Food is an essential part of how I experience a place.  I want to taste everything.  I'm a terrible kitchen snoop, the first thing I do in someone else's house (honestly I don't even notice i'm doing it, it's embarrassing) is throw open all their cabinets and inspect what they have.  I think it is such fascinating way to see how food habits are different from place to place, family to family, and culture to culture.  There is nothing I love more than learning a recipe from someone and learning its story while they cook.

 

Abdullah Kitchen: No Border Salad (Cabbage Slaw with Beetroot)

Madison Darbyshire

Refugee kitchens are rarely bursting with possibility.  Filled with donated rations of pasta, rice, canned vegetables, industrial sized jugs of spices, and soon-to-be-dodgy-produce purchased at cost from local grocery stores, the daily pantry evaluation usually feels a lot more like putting pieces of a simple puzzle together than artistry. 

The No Border Kitchen is a refugee encampment that was first established by young, punk rock German Anarchists to provide food for refugees catching one of the port’s thunderous ferries that depart every few hours.  Built on the corner of the beach in the shadow of the Mytilene castle, within sight of the bustling port, the NBK camp has sprawled and evolved like a great tented organism to meet the demand of the refugees, providing shelter for those who need to stay there long-term, clothing, and washrooms in addition to hot meals. 

The camp is run with a flat structure, which means that there is no direct leadership.  The command center is a singleshared cell phone, hung from a string underneath the schedule. Tasks are assigned by consensus at the morning meeting, held around the dying embers of the previous night’s bonfire.

In my days at No Border Kitchen, I was assigned to lunch.  My fellow volunteer and I had taken everything from the pantry that needed to be used up and laid it on the counter when we were joined by three Syrian men who, with the help of a translator, asked if they could assist us in cooking lunch.  They were chefs in northern Syria, they explained, where their family had a restaurant.  We explained what we were tentatively planning for lunch, and they nodded, grabbed knives, and began chopping with the agility of men more comfortable with knives in their hands than without.
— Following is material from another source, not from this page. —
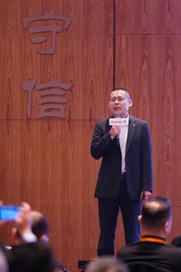 圖片2.jpg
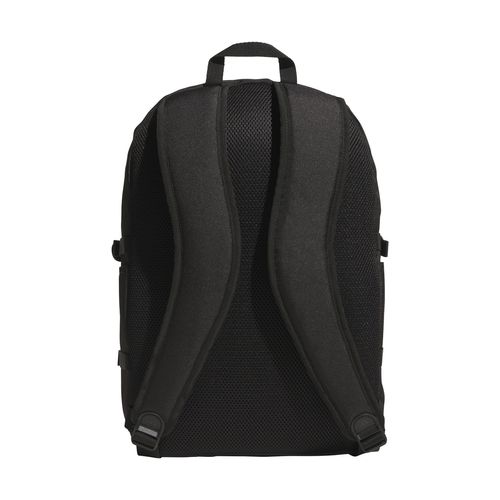 Mochila adidas Utility Multi Unisex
They looked at the pantry and asked what we were planning to do with tomatoes, with the cabbage, with the small pile of potatoes we were willfully ignoring in the corner.  Cabbage soup, again? We shrugged. But the greatest chefs can see beauty where there isn’t any. 

 Soon the Syrian Chefs’ whole families were in the kitchen, with daughters shaving thin slices of beet, and sons chopping onions. Small children who had been timid and shaken walking into the camp were sitting on stools by our feet, laughing with balloons made from latex gloves. The chefs proudly introduced us, gesturing, this is my son, this is my daughter, this is my father.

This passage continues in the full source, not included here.